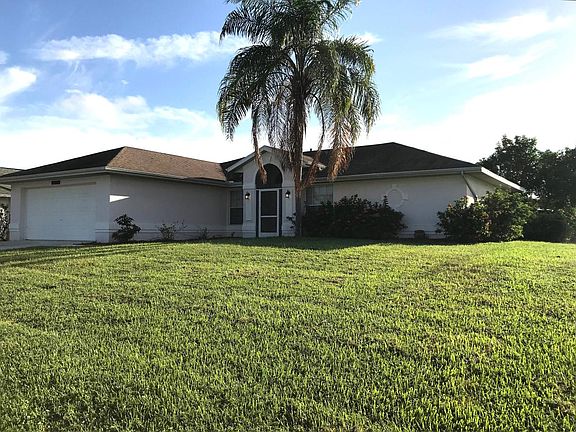 2nd image of 4727 SW 25th Ct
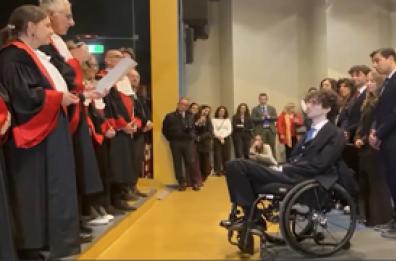 Torino, si laurea il giovane che fu colpito da una bici lanciata ai Murazzi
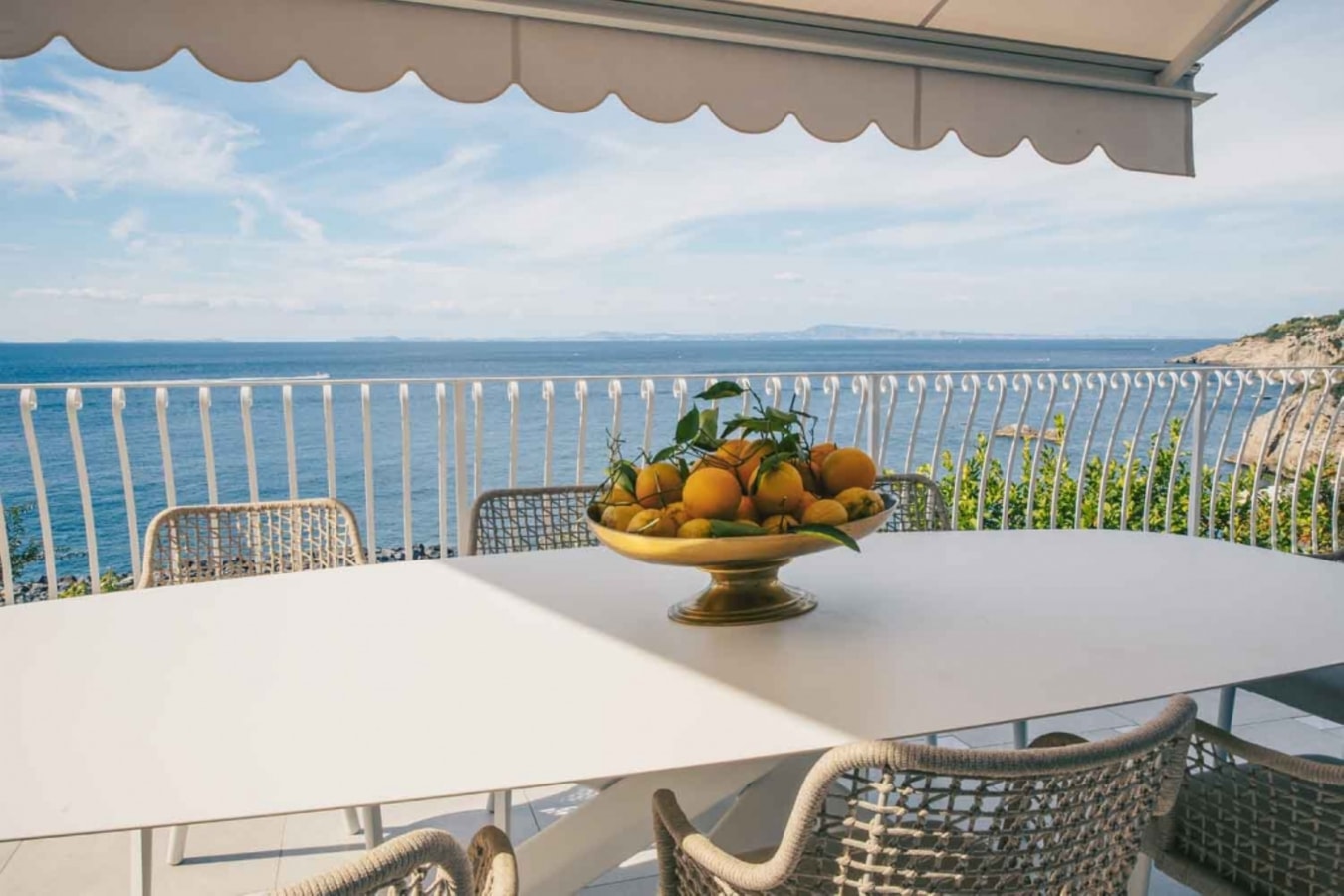 Villa Luce Di Mare, endless sea views 32 Villas in Italy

• • • • •

- _WHAT THE TASK REQUIRES_: Without copying any picture, write out all of the material exactly as it reads.

- _SOLVED EXERCISE_:
 2nd image of 4727 SW 25th Ct
 Torino, si laurea il giovane che fu colpito da una bici lanciata ai Murazzi
 Villa Luce Di Mare, endless sea views 32 Villas in Italy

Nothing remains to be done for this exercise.